Each line below from the "Source: @ArupGroup" line through the "cuxhaven-strandzugang.jpg" line, those two included, must be restated word for word; the pictures must not be.

*** EXCERPTED DATA ***

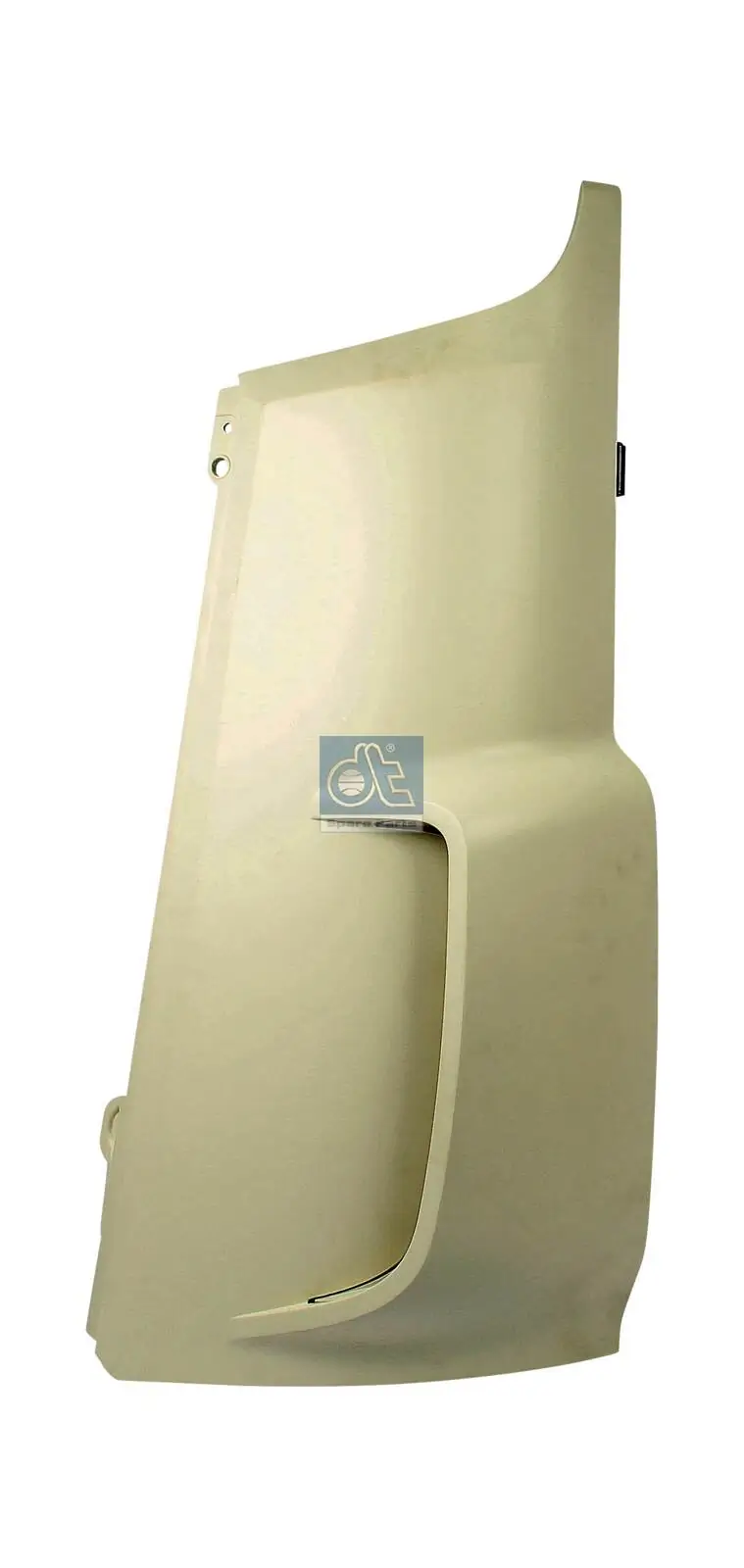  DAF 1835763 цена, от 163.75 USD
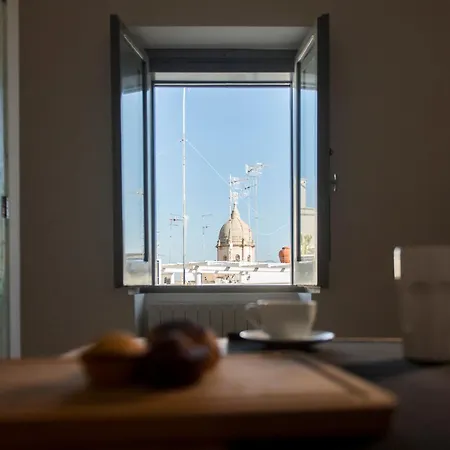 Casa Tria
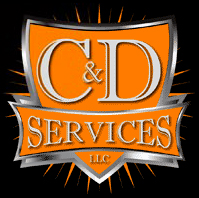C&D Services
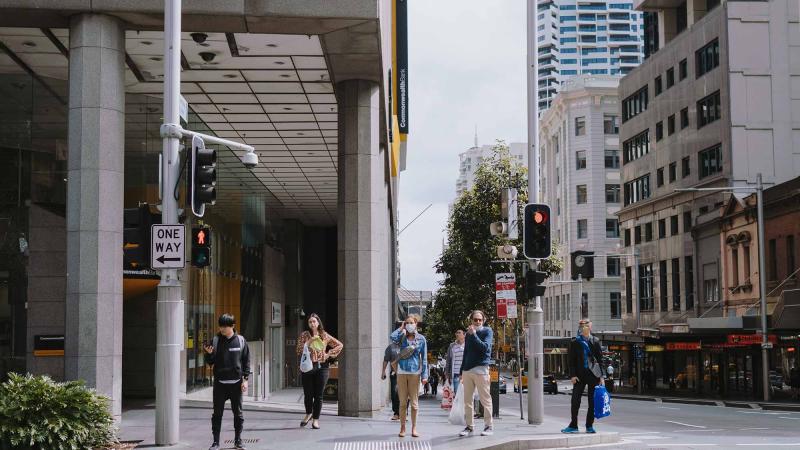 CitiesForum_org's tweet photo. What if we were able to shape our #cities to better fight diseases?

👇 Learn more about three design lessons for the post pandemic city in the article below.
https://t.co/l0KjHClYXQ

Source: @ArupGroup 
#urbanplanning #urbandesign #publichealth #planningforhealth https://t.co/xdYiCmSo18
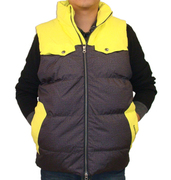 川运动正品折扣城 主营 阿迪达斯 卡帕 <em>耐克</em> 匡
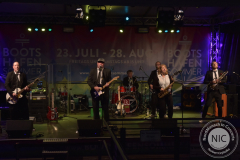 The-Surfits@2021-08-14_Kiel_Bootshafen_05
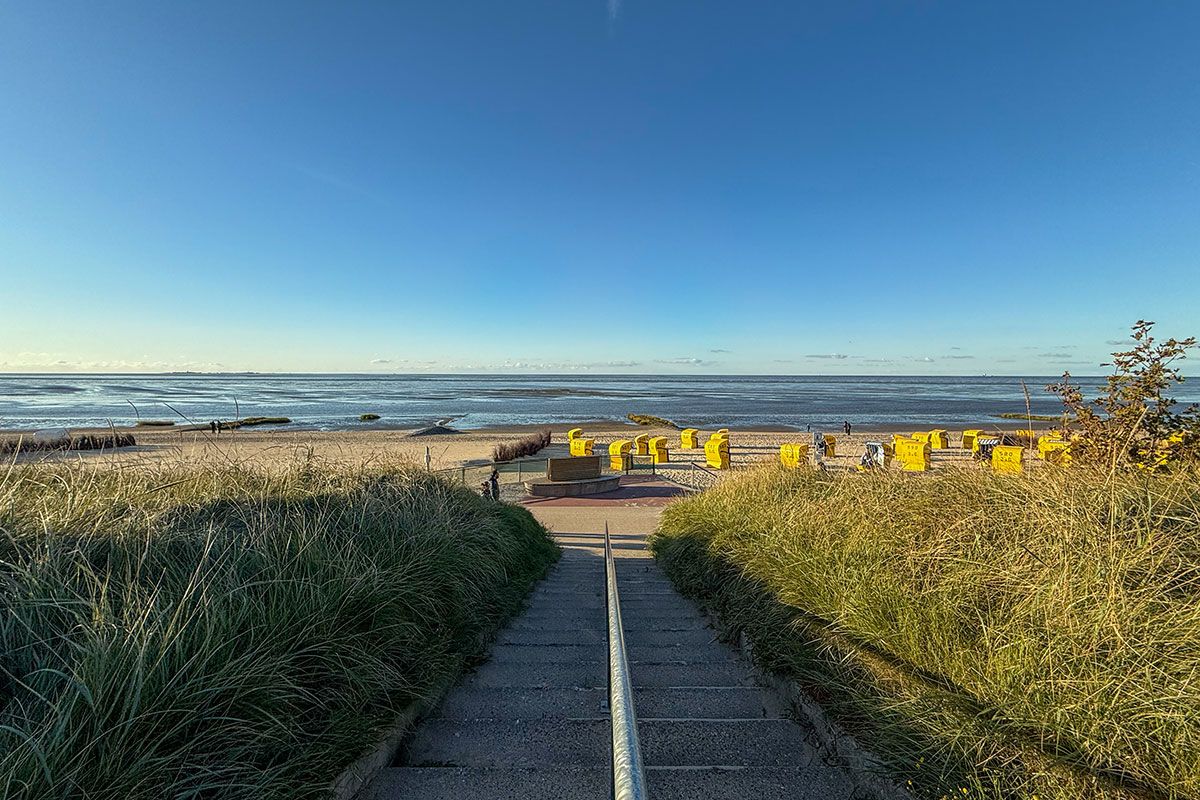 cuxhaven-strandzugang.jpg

*** End of EXCERPTED DATA ***
*** EXCERPTED DATA ***

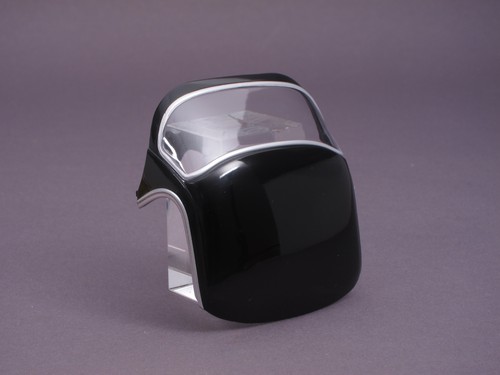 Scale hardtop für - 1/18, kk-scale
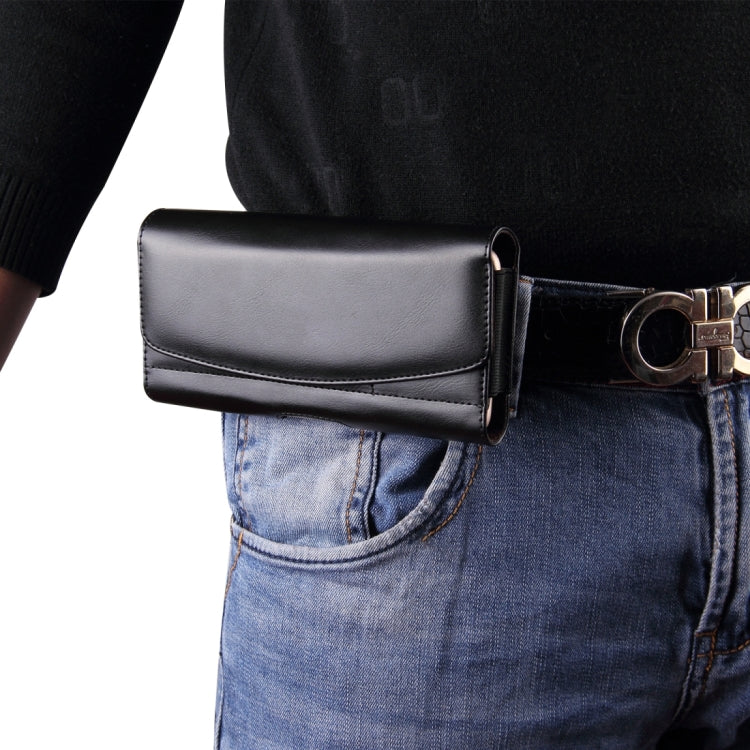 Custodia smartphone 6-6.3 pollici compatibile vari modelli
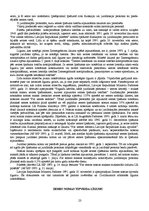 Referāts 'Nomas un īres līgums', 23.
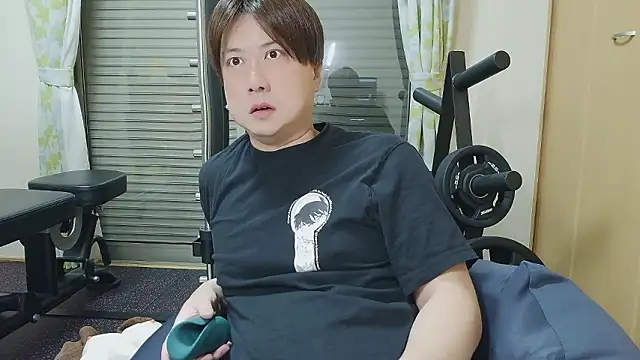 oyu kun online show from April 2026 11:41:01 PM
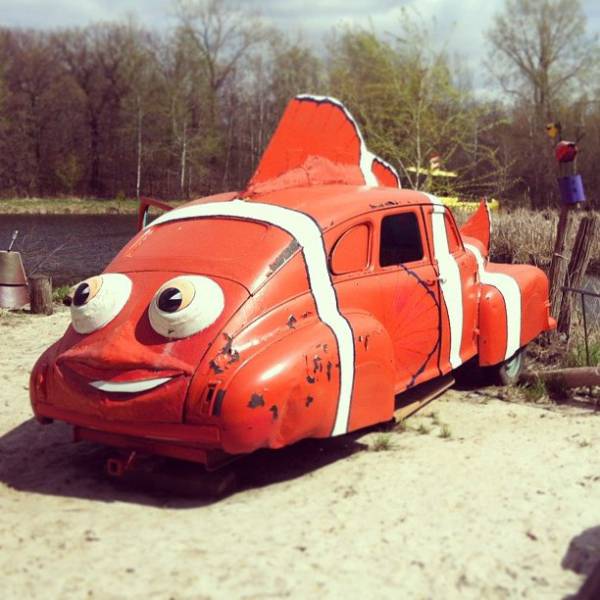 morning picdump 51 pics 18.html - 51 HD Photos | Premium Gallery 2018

*** End of EXCERPTED DATA ***
*** EXCERPTED DATA ***

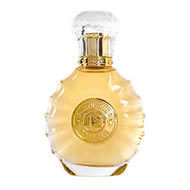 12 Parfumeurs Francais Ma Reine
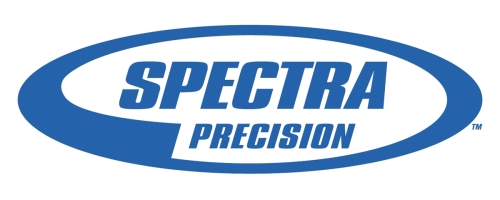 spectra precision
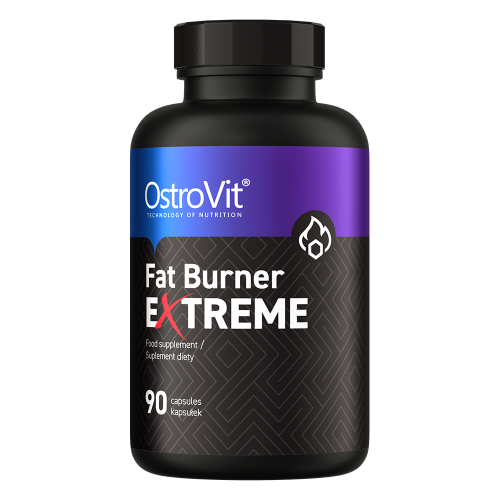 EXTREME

*** End of EXCERPTED DATA ***

WRITTEN SOLUTION
Source: @ArupGroup 
#urbanplanning #urbandesign #publichealth #planningforhealth https://t.co/xdYiCmSo18
 川运动正品折扣城 主营 阿迪达斯 卡帕 <em>耐克</em> 匡
 The-Surfits@2021-08-14_Kiel_Bootshafen_05
 cuxhaven-strandzugang.jpg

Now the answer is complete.